NOAA’s findings undermine even further the status of natural gas as a "clean energy" option. If methane is leaking at similar rates at natural gas fields across the US, that would eliminate  much of the climate benefit of switching from coal to gas-fired electric plants.

Shifting to natural gas makes sense from an environmental perspective only if cumulative methane leaks are under 3.2%, based on a study by the Environmental Defense Fund and Princeton University. 

Methane – the primary component of natural gas – is 25 times more potent than carbon on a pound-for-pound basis as a  greenhouse gas and climate-change forcer. 

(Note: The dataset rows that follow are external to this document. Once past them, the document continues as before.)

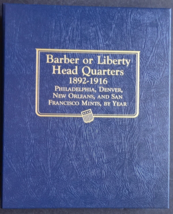 Whitman Barber or Liberty Head Quarter 1892-1916 P,D &amp; SF Coin Album Boo... - £25.12 GBP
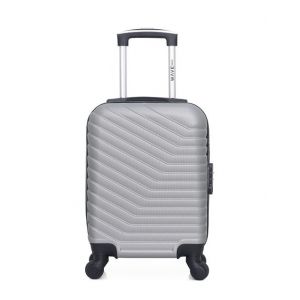 Valise Cabine Séjour 4 roues simples Lena 46 cm grise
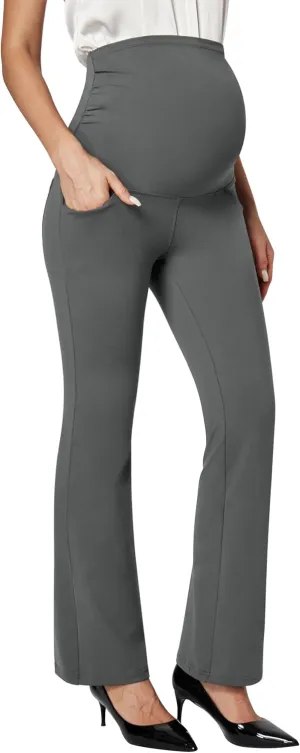 Ewedoos Maternity Pants for Women Stretchy Maternity Clothes Over The Belly Pregnancy Dress Work Pants with Pockets
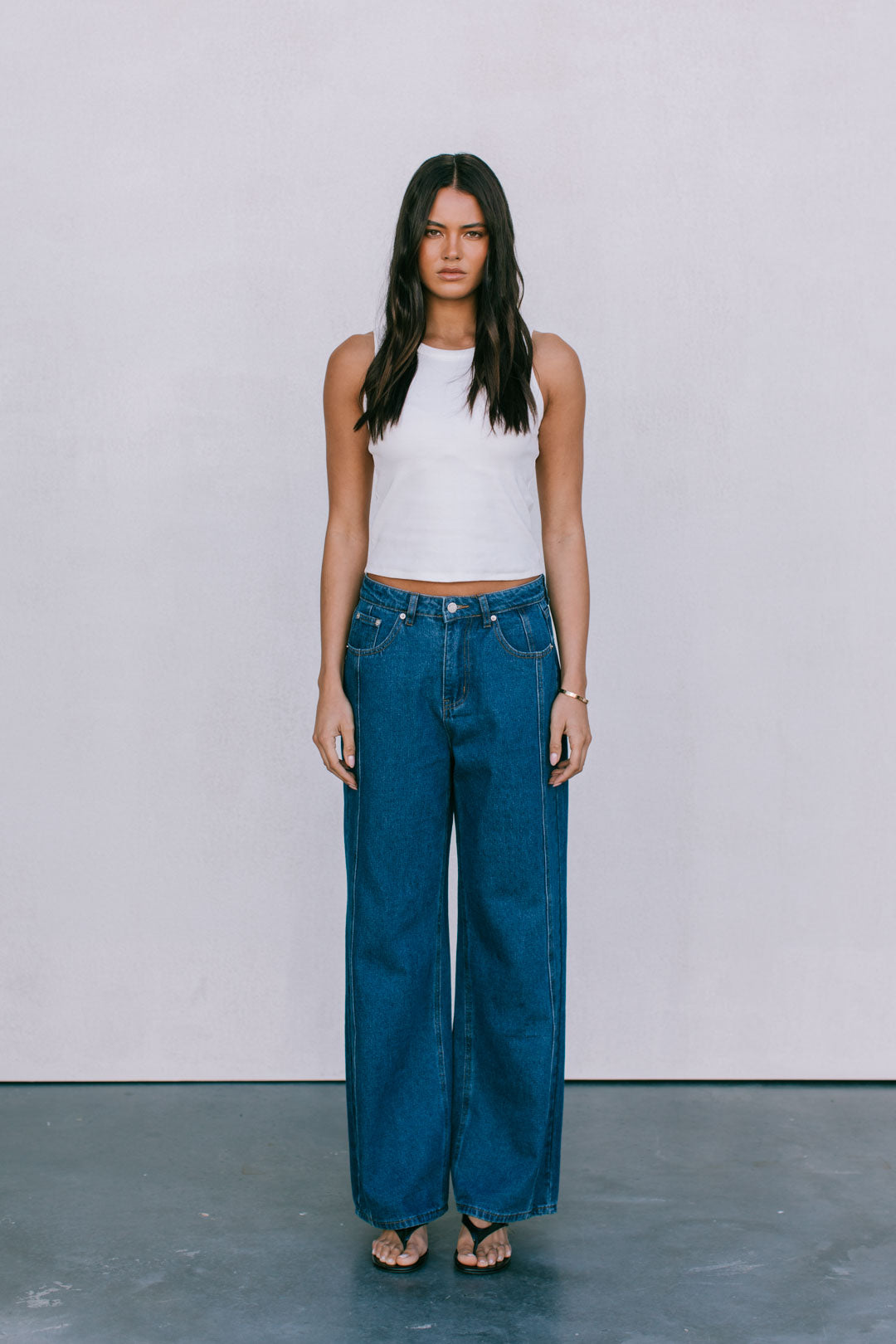 Janey Baggy Leg Jeans Dark Blue Wash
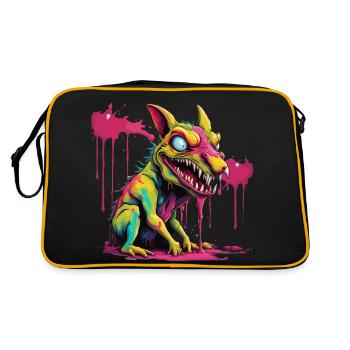 Chupacabra / Sucking Creature / Monster /Spain - Retro Bag - black/gold - Back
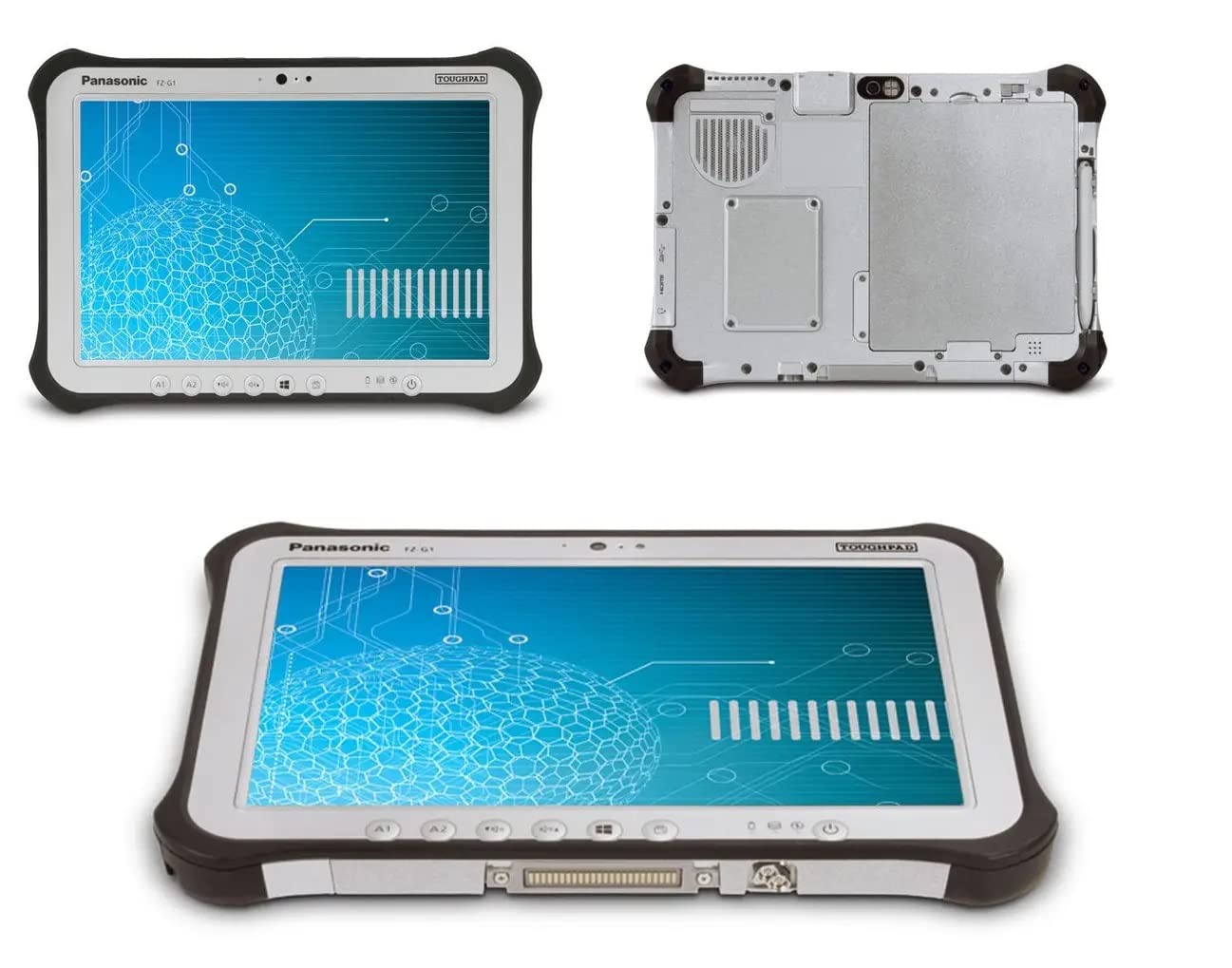 Panasonic Toughpad FZ-G1, Core i5-5300U 2.30GHz, 10.1 WUXGA Multi Touch + Digitizer, 8GB, 256GB SSD, WiFi, Bluetooth, 4G LTE, Dual Pass, 2D Barcode Laser, 2 Cameras, Windows 10 Pro (Renewed)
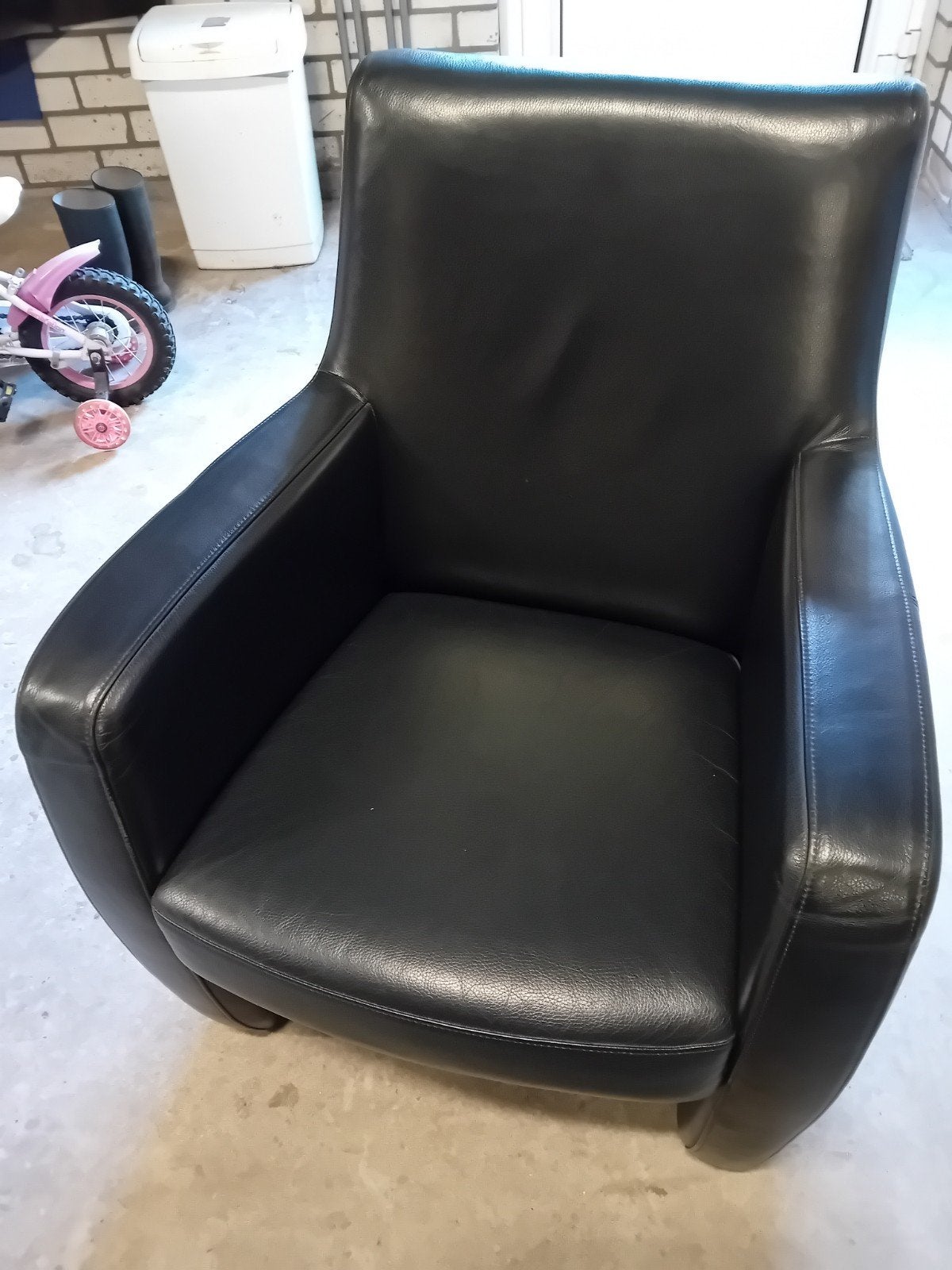 Mooie lederen fauteuil, Ophalen, Gebruikt, 75 tot 100 cm, Modern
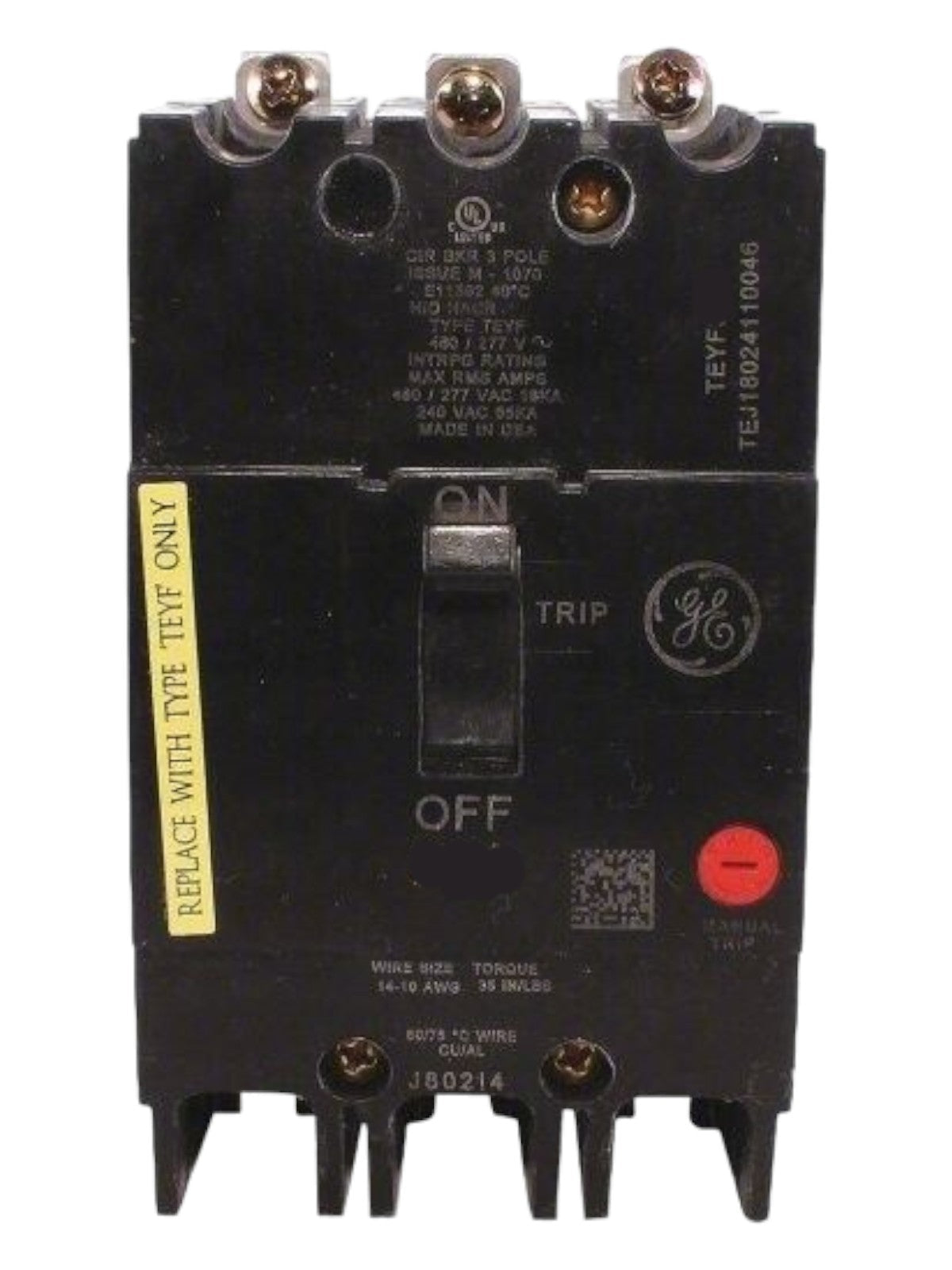 TEYF380 - General Electric Bolt-on Panelboard 480V 80A 3 pole circuit breaker 18kA@480V - Essential Electric Supply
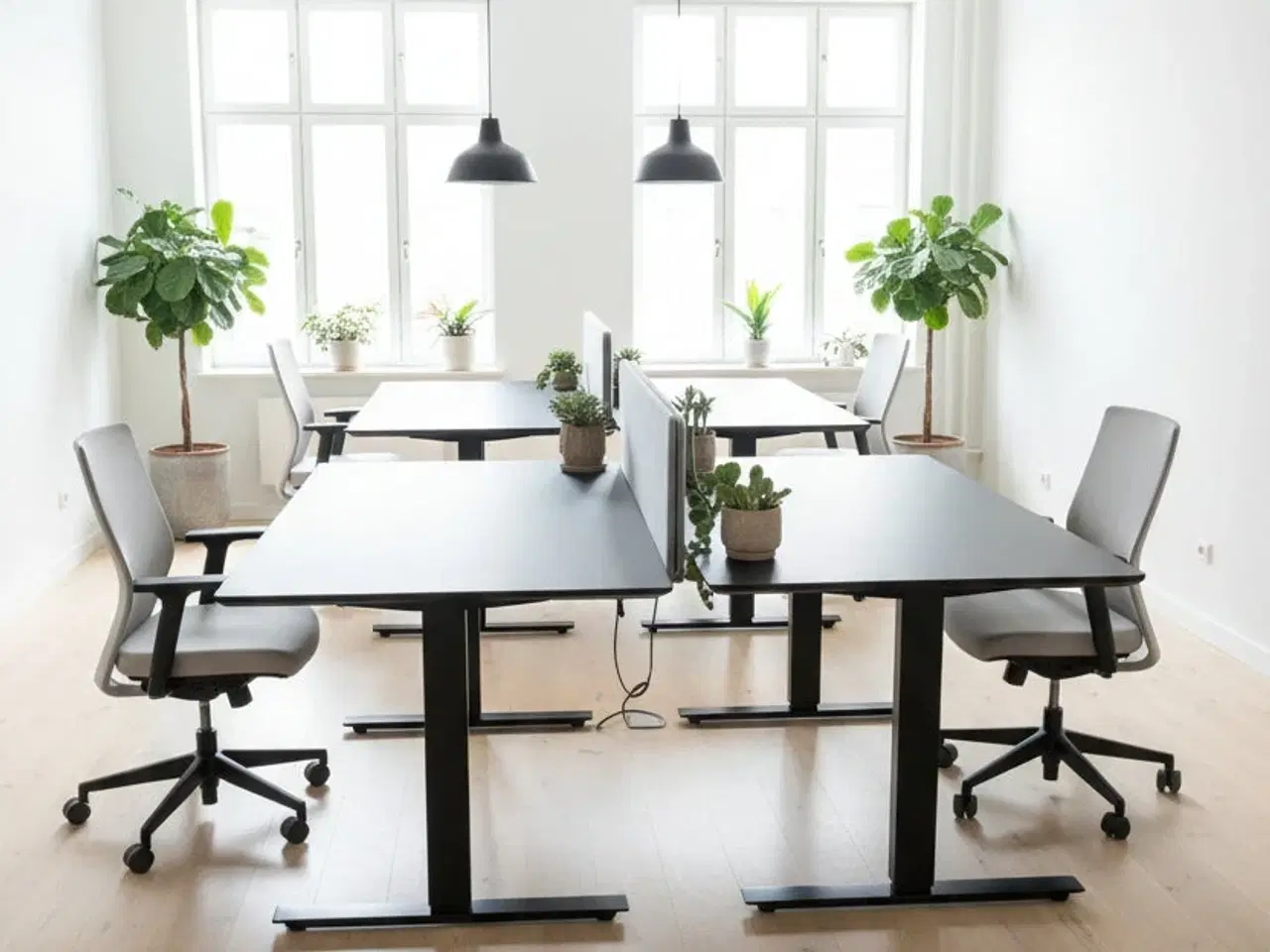 Billede 2 - Hæve/sænkebord - Sort 140x80 cm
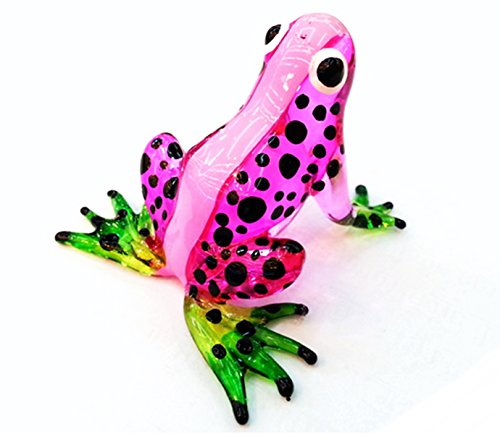 Tiny Pink Black Dots Frog Figurine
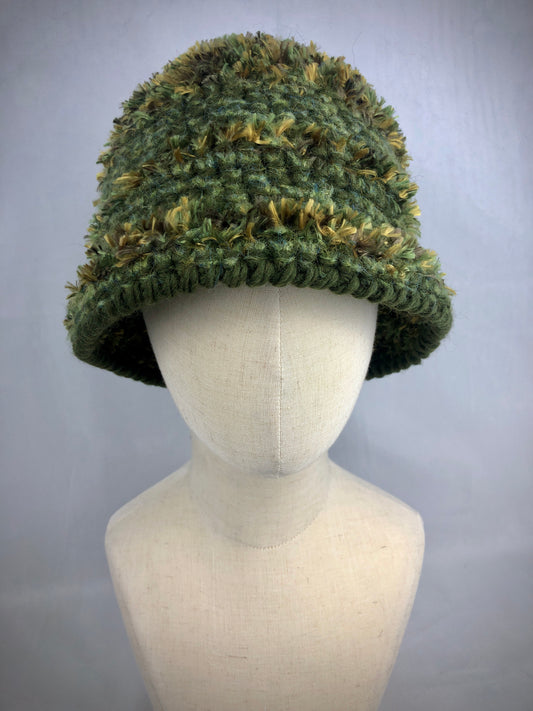 Olive green grass texture bucket hat
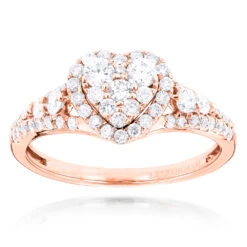 Heart Shaped Diamod Engagement Ring 14K White Gold 1 Carat Cluster Diamonds -Luxurman diamond cluster heart engagement ring in 14k gold 1ct g h vs si diamonds ro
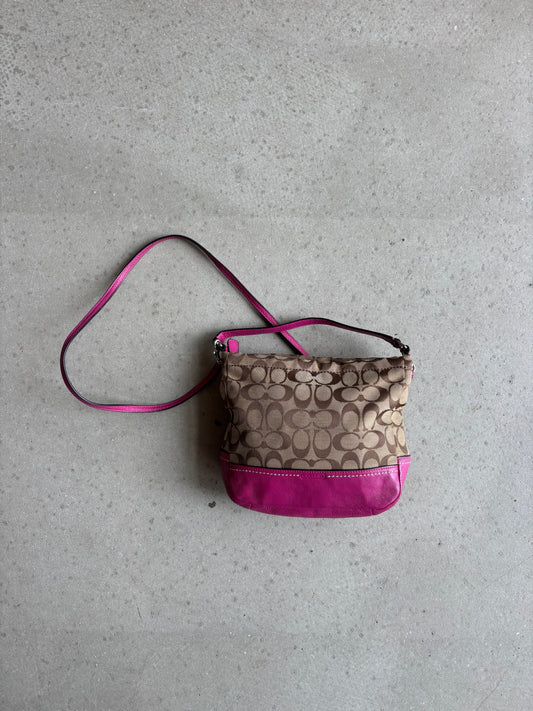 Coach Signature Two-way Cross Body Bag Pink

Scientists are now collecting data across the country and are  also analyzing emissions across the natural gas lifecycle, including production, processing, local distribution and long-distance transmission. 

The natural gas industry accounts for 17% of US greenhouse gas emissions, predicted to grow to 23% as shale gas replaces conventional natural gas, in a Cornell University study.

When the US Environmental Protection Agency released air quality standards last year for the oil and gas industry, it excluded methane emissions so it could buy more time to evaluate the impact. That’s prompting seven eastern states to sue the EPA to get action on methane.

Under EPA’s proposed regulations operators would be required to capture methane. The natural gas industry could sell methane for a variety of applications, boosting their profits, which makes one wonder why they aren’t doing it.

Part of the reason the Arctic is melting so quickly is because of methane releases and other carbon forcers.

Meanwhile, biogas is a much better form of natural gas – readily available from landfills, wastewater treatment plants, and other urban and agricultural residue streams. Biogas prevents methane emissions and could provide 4%-10% of the current US demand for natural gas, says the Environmental and Energy Study Institute.